'Draconian' measures may see council drop tax hike
THERE is a "distinct possibility" Moray Council’s administration will not go ahead with an 18 per cent council tax rise.
Stewart Cree, leader of the local authority, said the increase would have to be as high as 36 per cent to meet £5 million in new penalties put forward by Finance Secretary John Swinney this week, for councils who break the Scottish Government’s freeze – the same figure the Independent/Conservative ruling group had expected to make.
The council is looking at cutting around £11.2 million from the budget in the next financial year.
In addition to the £1.1 million from Holyrood for keeping council tax at 2007/08 levels, which would be covered by an 18 per cent rise, the authority would have to surrender just under £500,000 received to maintain teacher pupil ratios as well as a slice of £250 million made available for the integration of health and social care services.
Councillor Cree previously indicated he would step down as leader if the minority administration failed to secure agreement on a budget for 2016/17.
Today (Friday) he is attending a Cosla meeting in Edinburgh to discuss the Government’s settlement for local authorities and its impact on spending.
He called the new measures "draconian" but added yesterday that he was still in "listening mode" ahead of talks with other local authority leaders.
"Nobody in their right mind would introduce a council tax rise if they couldn’t raise money through it," said Cllr Cree.
"If we are unable to increase the council tax, we will have to look at other options but I am vehemently against reducing our services.
"Folk in Moray have already shouldered cuts over the last three or four years – similar cuts that other local authorities are looking at now."
Cllr Cree added that he considered community centres and swimming pools as essential services and would be against any in Moray closing.
When asked if the Independent/Conservative administration would withdraw its 18 per cent council tax increase proposal he said "That is a distinct possibility" adding that the finance Secretary was "dictating" terms to local authorities.
Mr Swinney held talks with council leaders earlier this week and extended the deadline for local authorities to say whether they would accept the settlement or not.
However, Cosla president David O’Neill criticised the move, saying the talks between central and local government had hit a new low, and the new measures proposed were "unacceptable."
He said: "The fact that he has only given us an extra three days to accept the worst financial deal in over a decade simply demonstrates Mr Swinney’s misunderstanding of local councils’ processes."
Mr O’Neill added: "Given Mr Swinney only furnished councils with the final proposals for the settlement today (Wednesday) it is difficult to see how he expects any council to comply with this timescale."
Mr Swinney said he was "absolutely committed" to continuing a positive relationship with local authorities, having engaged in discussions with Cosla on a "challenging but fair" settlement.

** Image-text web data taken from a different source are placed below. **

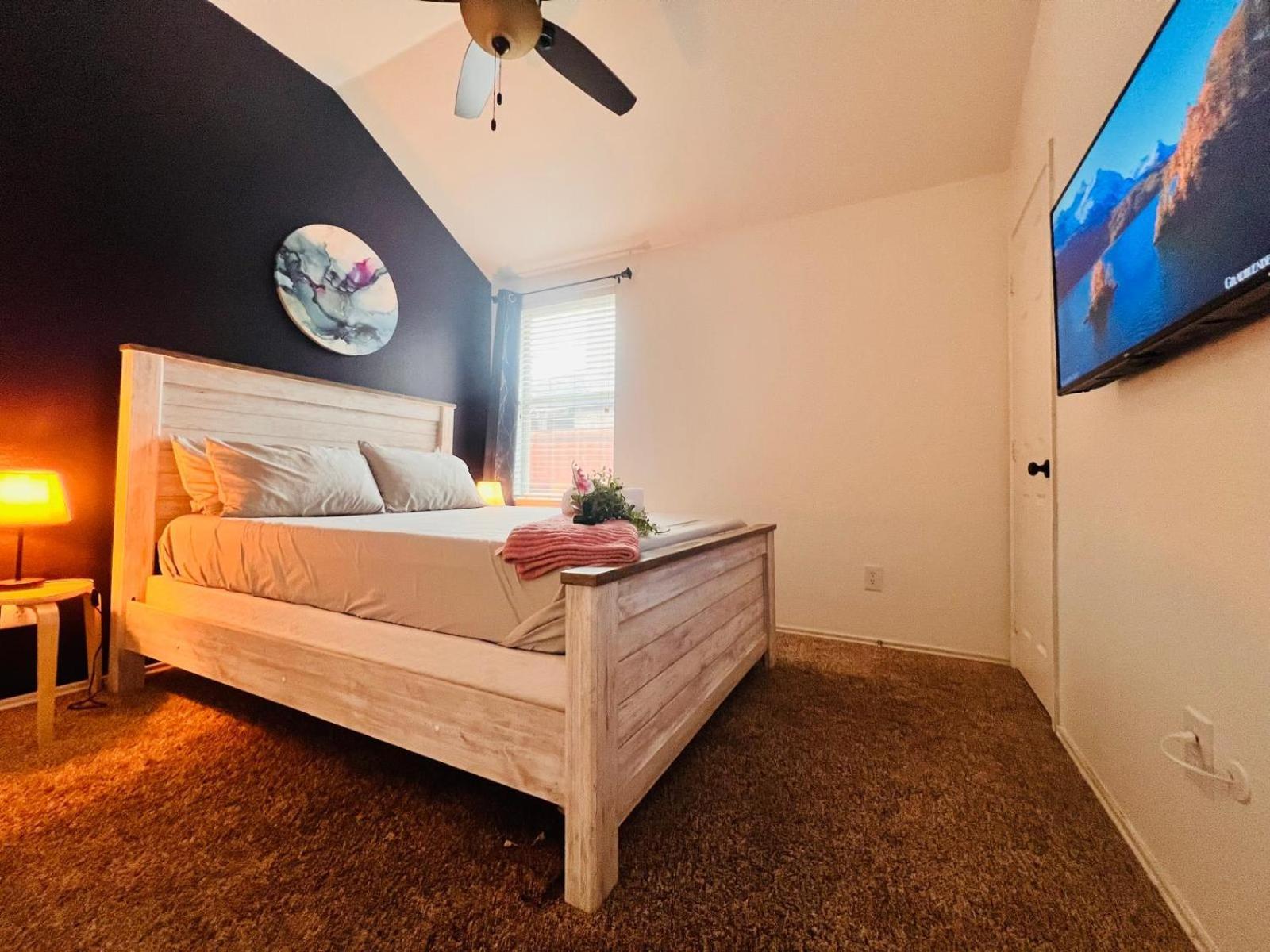 Work, Play & Stay King Bed With Foosball! Aubrey Εξωτερικό φωτογραφία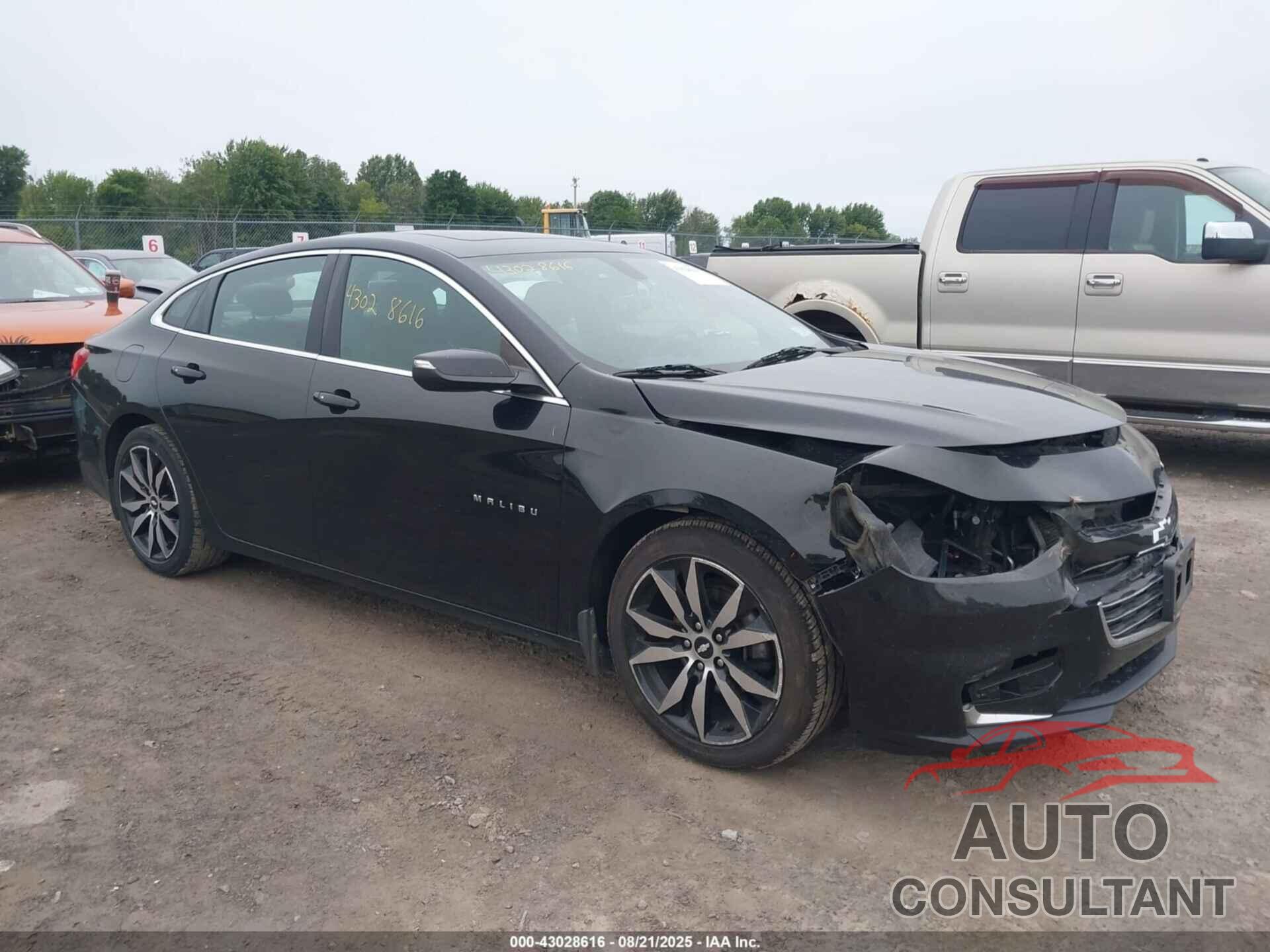 CHEVROLET MALIBU 2017 - 1G1ZE5ST1HF233979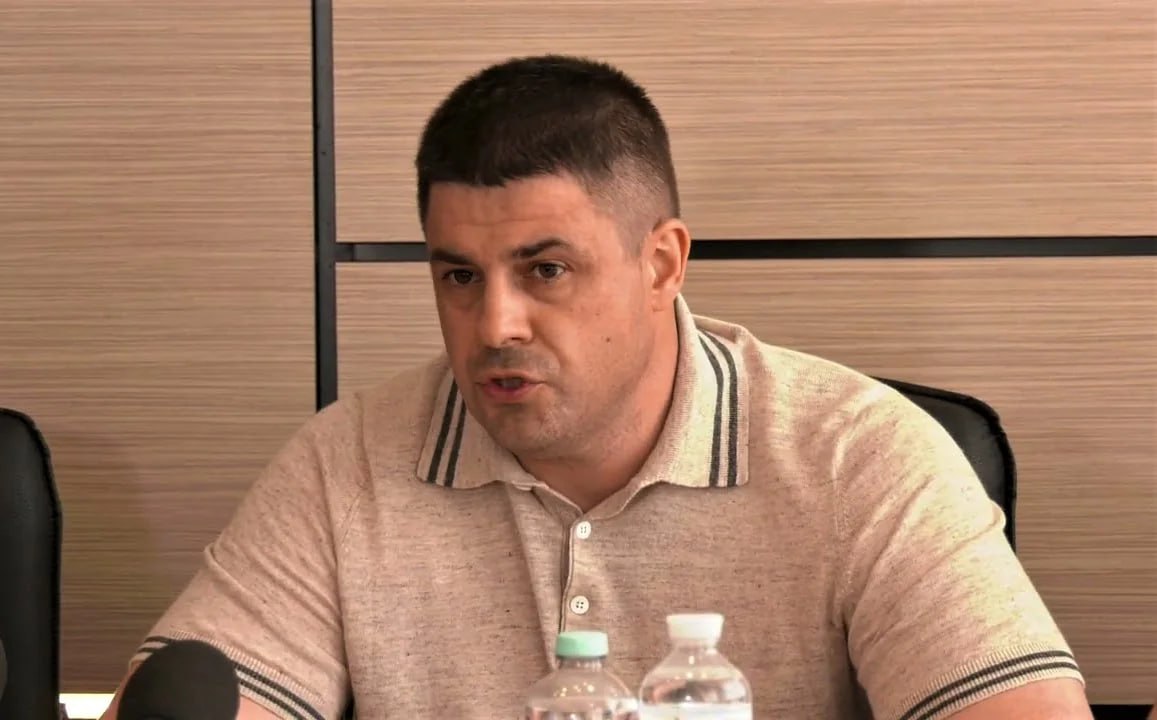 Ілюстрація до публікації ««Золоті засувки» за підписом Терехова»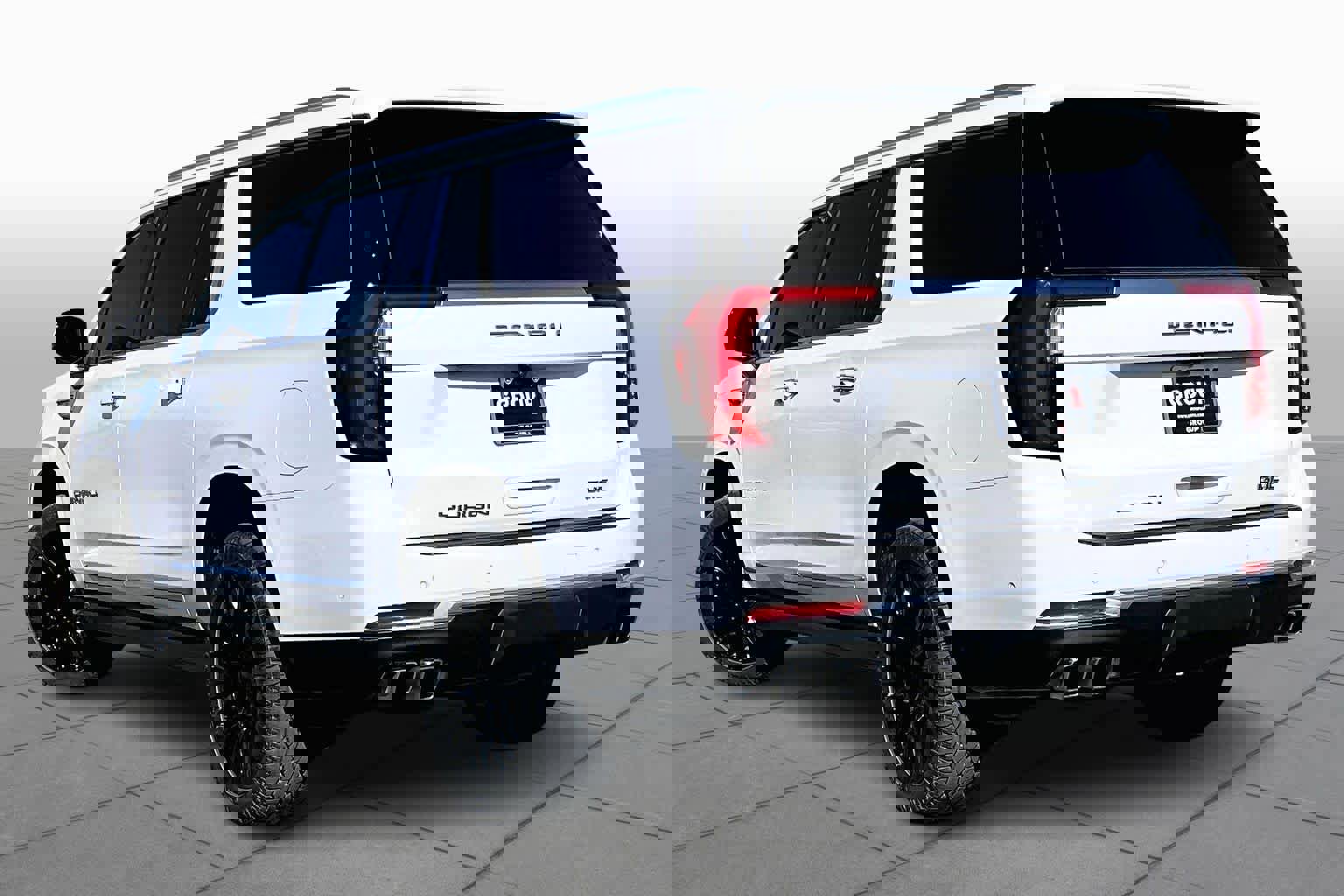 Used 2025 GMC Yukon XL Denali w/ Sun & Power Step Package image 12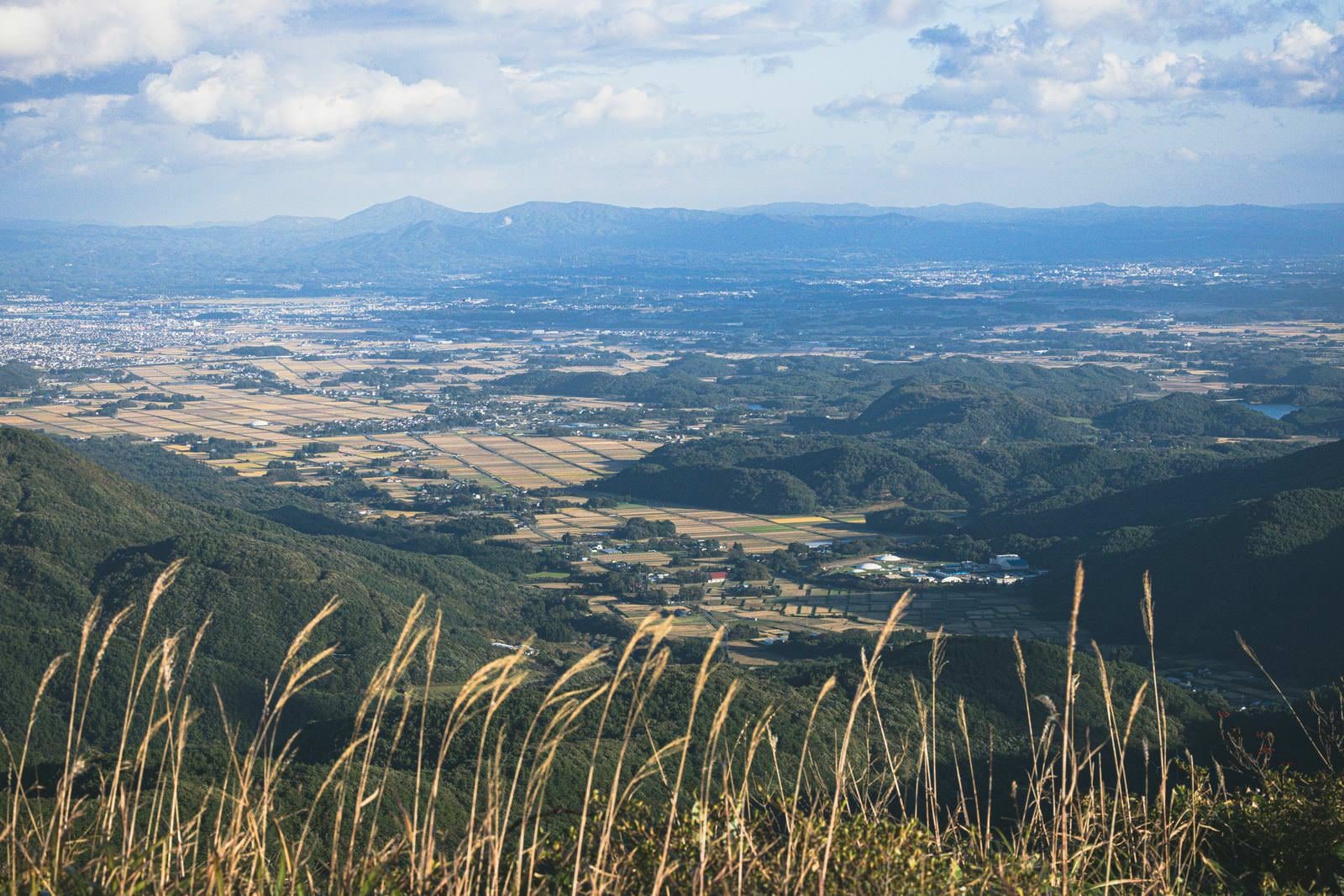 「御霊櫃峠から眺める田園風景」の写真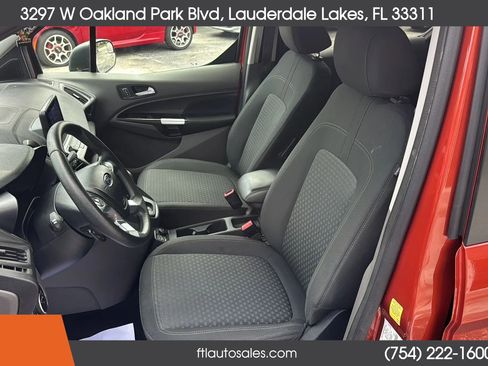 Used 2021 Ford Transit Connect XLT FWD image 20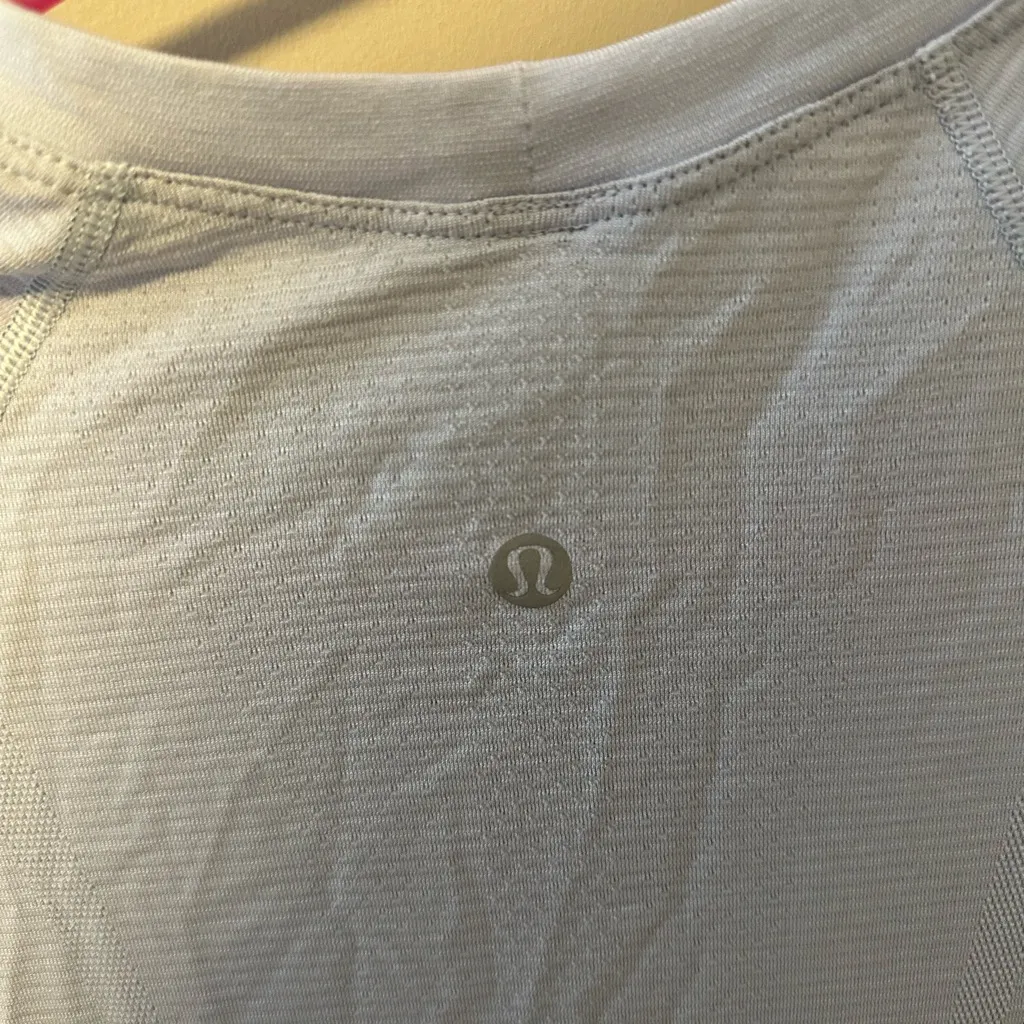 Swiftly tech Lululemon top - Image 3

He added: "We recognise that there are pressures on budgets being felt across the whole of the public sector, as well as in households throughout Scotland.
"That’s why it is important to maintain the council tax freeze while we consider ways to replace it – as well as reimbursing local authorities to ensure they can continue to provide essential services."
Mr Swinney urged local authorities to take up his offer, claiming recent independent research suggested the Scottish Government has over-funded the council tax freeze, with the 32 local authorities receiving £164.9 million more than they would have by increasing it by the Retail Price Index between the financial years 2008/09 and 2013/14.
Moray Council will meet to discuss the local authority’s budget on Wednesday, February 10.